*Data block:*
/---

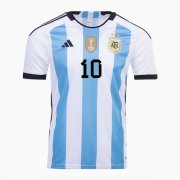 Argentina 3 Star 2022 Home White MESSI Soccer Jersey Football Shirt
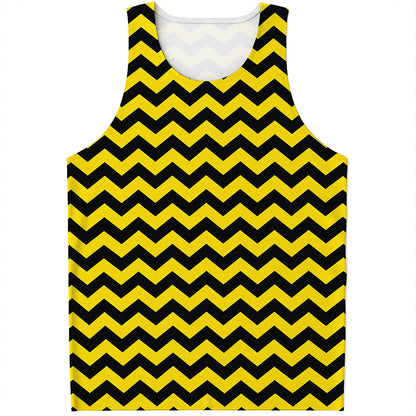 Black And Yellow Zigzag Pattern Print Men's Tank Top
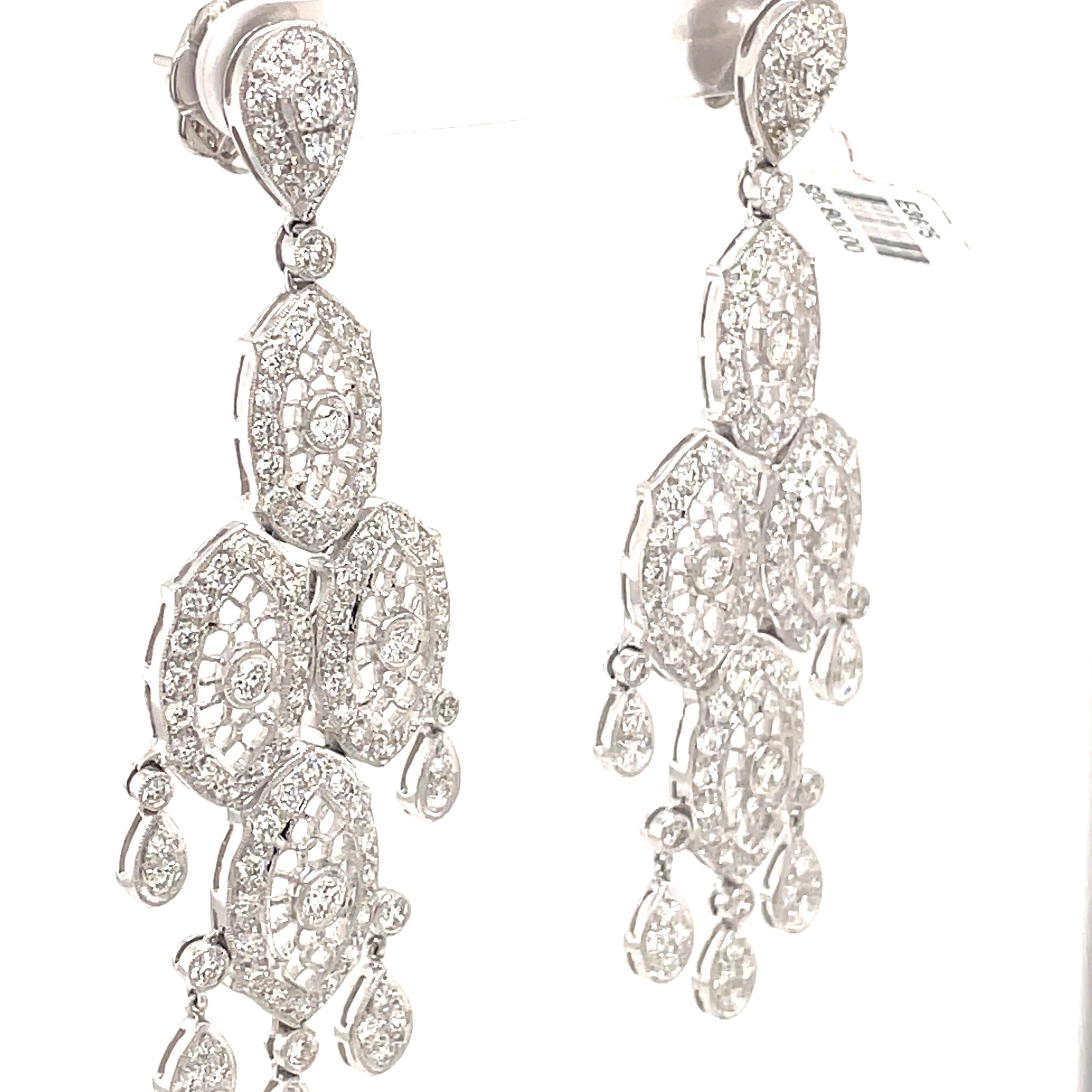 Round Cut Edwardian Style 4.10ct Diamond Chandelier Earrings 18k White Gold For Sale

\---

*Your task:* Repeat the listing exactly, minus its pictures.

*Exercise output:*
 Argentina 3 Star 2022 Home White MESSI Soccer Jersey Football Shirt
 Black And Yellow Zigzag Pattern Print Men's Tank Top
 Round Cut Edwardian Style 4.10ct Diamond Chandelier Earrings 18k White Gold For Sale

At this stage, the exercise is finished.